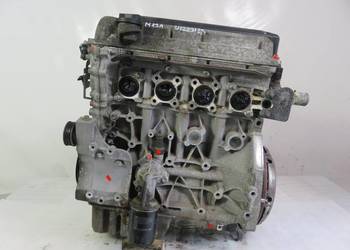 SILNIK SUZUKI SWIFT III 1.3 M13A 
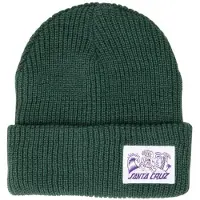 Santa Cruz Bonnet Beach Bum Label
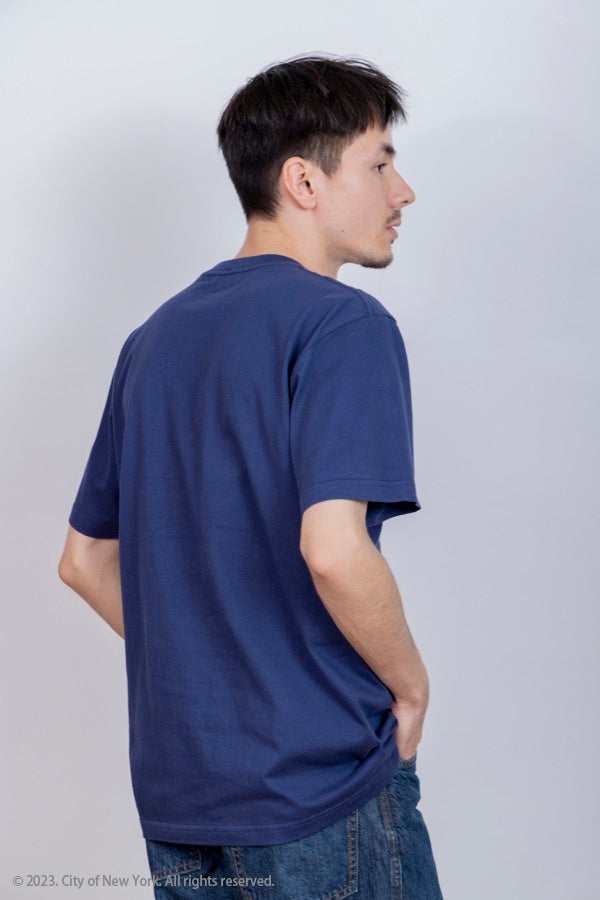 モデル身長:175cm / 着用サイズ:L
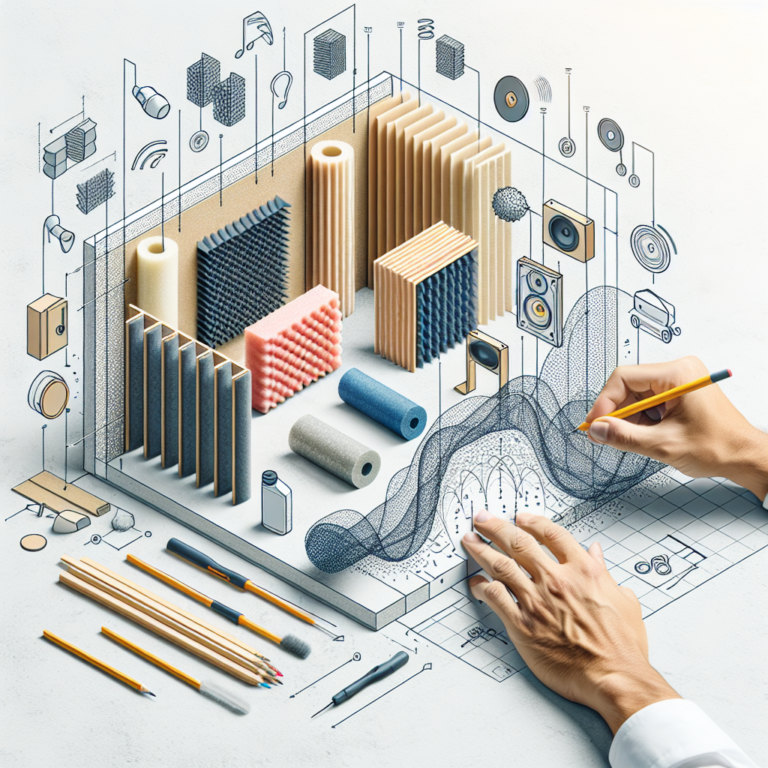 Understanding the Basics of Soundproofing
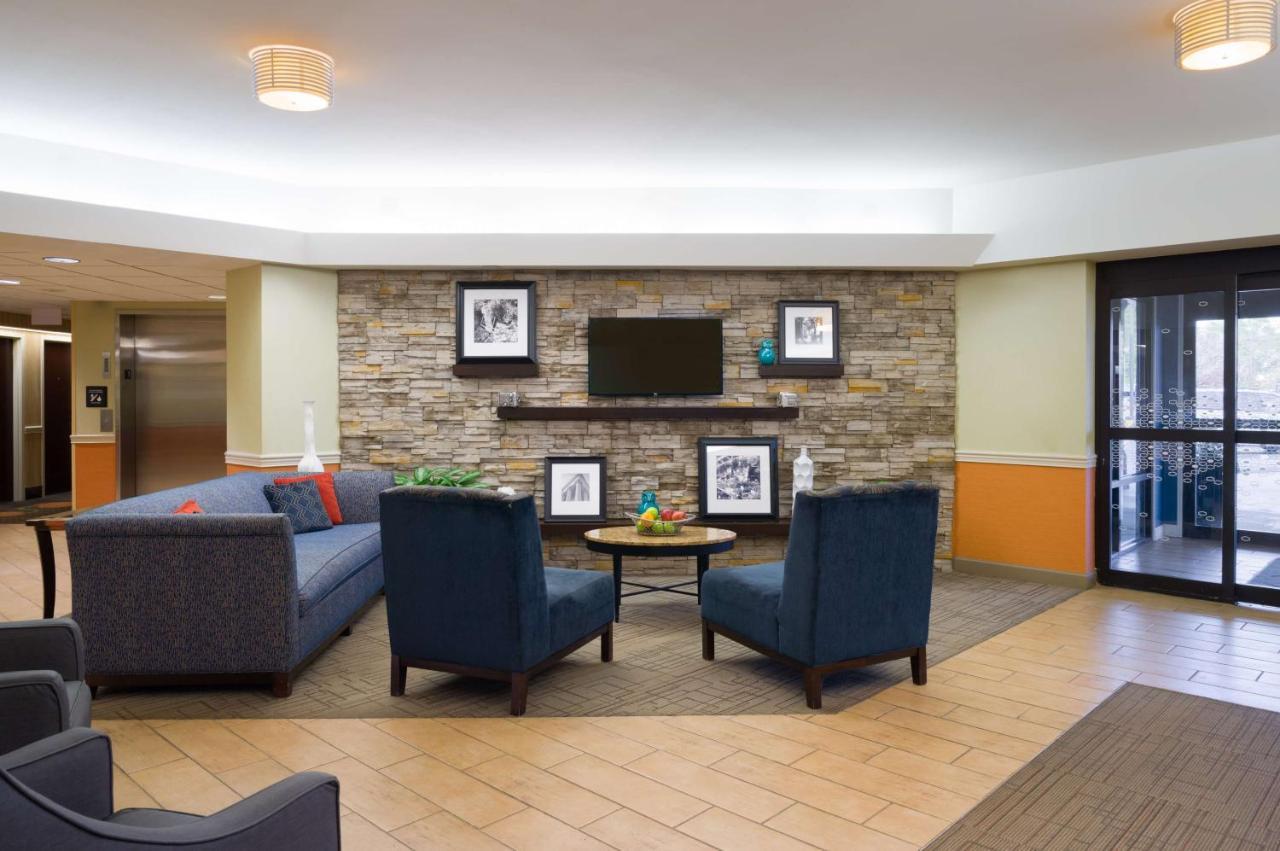 Larkspur Landing Carlisle Hotel Luaran gambar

• [Work request]:
The copy must match each record exactly, apart from the images, which stay out.

• [Response to the task]:
 SILNIK SUZUKI SWIFT III 1.3 M13A 
 Santa Cruz Bonnet Beach Bum Label
 モデル身長:175cm / 着用サイズ:L
 Understanding the Basics of Soundproofing
 Larkspur Landing Carlisle Hotel Luaran gambar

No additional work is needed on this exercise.